Your goal:
Starting at the line that contains "Lake Manyara", reproduce only the lines through the end of the data, exactly, including both the first and the last; skip the pictures.
[Data records — start]
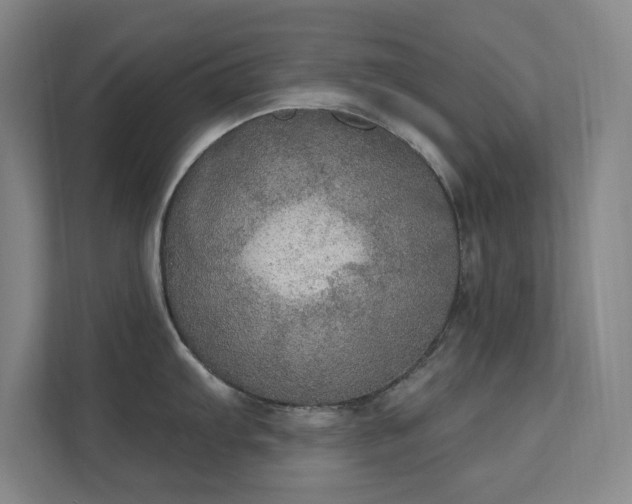 X0000112021103200908101357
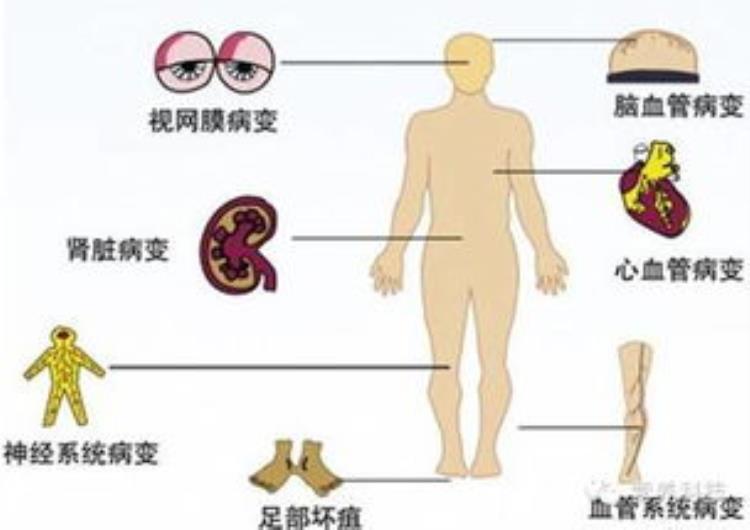 covid19致病原理,哪些人群易患covid-19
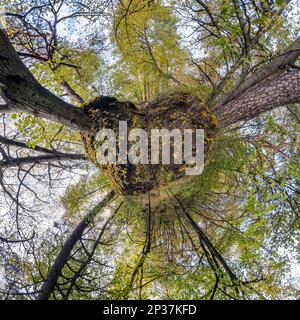 Spherical abstract aerial view in forest with clumsy branches in gold autumn. tiny planet transformation of spherical panorama 360 degrees. Curvature Stock Photo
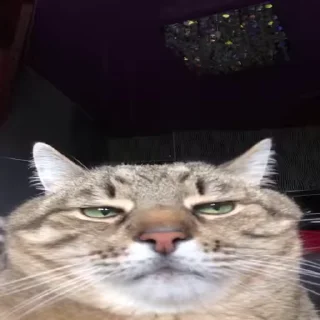 🐈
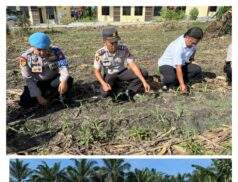 Kapolsek Tanah Putih Tanjung Melawan Giat Pengecekan Perkembangan Tanaman Jagung Pipil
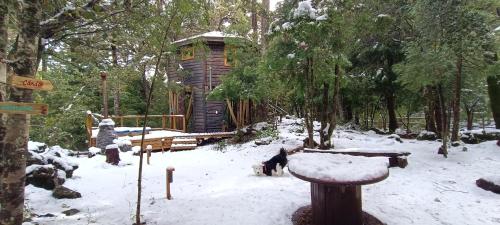 Cabañita del Árbol Cóndor in Unknown City, Chile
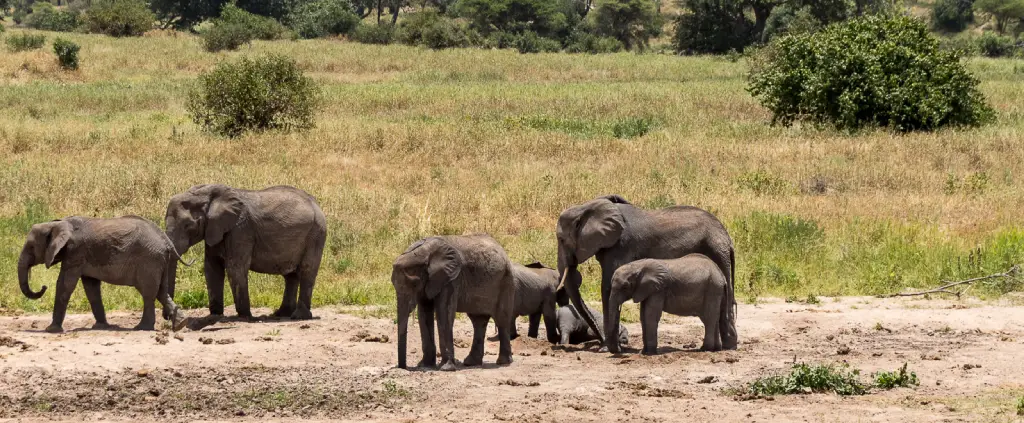 Lake Manyara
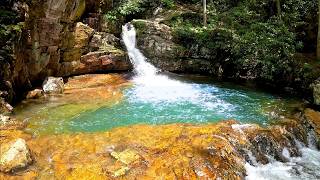 Most People Stop at Blue Hole Falls – We Kept Going…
[Data records — finish]
Exercise solution:
 Lake Manyara
 Most People Stop at Blue Hole Falls – We Kept Going…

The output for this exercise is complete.